On May 21, Preminger announced Dandridge had been cast as Carmen. Initially thrilled by the prospect of playing one of the best film roles ever offered an African American female, Dandridge quickly began to doubt her ability to do it justice. After several days, she told her agent to advise Preminger she was backing out of the project. The director drove to her apartment to reassure her and assuage her fears, and the two unexpectedly began a passionate affair.



Although Dandridge and Belafonte were singers, neither was capable of singing the operatic score, so Marilyn Horne and LeVern Hutcherson were hired to record their vocals, and soundtrack recording began on June 18. Horne later recalled, "Even though I was at that time a very light lyric soprano, I did everything I possibly could to imitate the voice of Dorothy Dandridge. I spent many hours with her. In fact, one of the reasons I was chosen to do this dubbing was that I was able to imitate her voice had she been able to sing in the proper register."


Following three weeks of rehearsal, filming in CinemaScope began on June 30. Preminger had opted to remain in California for the shoot, with El Monte doubling for the Southern exteriors and the Chicago interiors being filmed at the Culver Studios. Principal photography was completed in early August, and Preminger and the Fox publicity studio began promoting both the film and its star. Dandridge was featured in Ebony and photographed for the cover of Life and appeared on a live television broadcast on October 24, four days prior to the opening, to sing two songs from the film.
The opening title sequence is the first film title sequence created by Saul Bass, and marked the beginning of Bass's long professional relationship with Preminiger.


The film had its world premiere at the Rivoli Theatre in New York City on October 28, 1954. The following February, it opened in London and Berlin, and in both cities it played for more than a year in exclusive first-run engagements. Because of a technicality in French copyright laws, the film was unable to have a theatrical release in France, although it was permitted to open the 1955 Cannes Film Festival, where for the first time Preminger and Dandridge openly flaunted their relationship.

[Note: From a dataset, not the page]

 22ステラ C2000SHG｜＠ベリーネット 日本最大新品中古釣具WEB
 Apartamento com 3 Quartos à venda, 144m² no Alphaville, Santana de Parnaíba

Dorothy Dandridge became Hollywood’s First Black Theatrical Movie Star. She made the cover of Life Magazine, Billed as "Hollywood’s Fiery Carmen Jones". It was the first time a Black Woman made the cover of Life Magazine, breaking another color barrier.



Soon after, the Academy of Motion Pictures, Arts, and Sciences announced the nominations
for the 1955 Oscar Awards. Dandridgewas nominated for Best Actress along with; Judy Garland, Audrey Hepburn, Grace Kelly, and Jane Wyman. Only two Black’s who had previously been nominated for Oscars, they were; Hattie McDaniel, who won in 1939 for "Gone with the Wind" and Ethel Waters, in 1949 for "Pinky". Never before had a Negro been nominated in a Leading Category.
While America was in a Race turmoil with Boycotts, Sit-Ins and The House of UN-American Activities Committee Blacklisting. Dandridge was signing contracts with 20th Century Fox for an astounding salary. Making her the highest paid Actress in the History of Motion Pictures.
This immediately broke the color barrier with a six-week engagement at the Waldorf-Astoria Hotel. Dandridge became the First Negro Entertainer to work and stay at the Exclusive Waldorf-Astoria Hotel in Manahttan. On Oscar night Grace Kelly took home the award. But, Dandridge was a winner for all Negro Americans; it was a Historic occasion. She became the first Negro to present at the
Oscar’s at Academy Awards Ceremonies.



The film won the Golden Globe Award for Best Motion Picture – Musical or Comedy. It was nominated for the BAFTA Award for Best Film from any Source but lost to Richard III.
Dorothy Dandridge was also nominated for the BAFTA Award for Best Foreign Actress, but lost to Betsy Blair in Marty.  At the 5th Berlin International Film Festival and the film won the Bronze Berlin Bear award The film was also honored at the Locarno International Film Festival.
Herschel Burke Gilbert was nominated for the Academy Award for Best Scoring of a Musical Picture but lost to Adolph Deutsch and Saul Chaplin for Seven Brides for Seven Brothers.
Harry Kleiner was nominated for the Writers Guild of America Award for Best Written American Musical.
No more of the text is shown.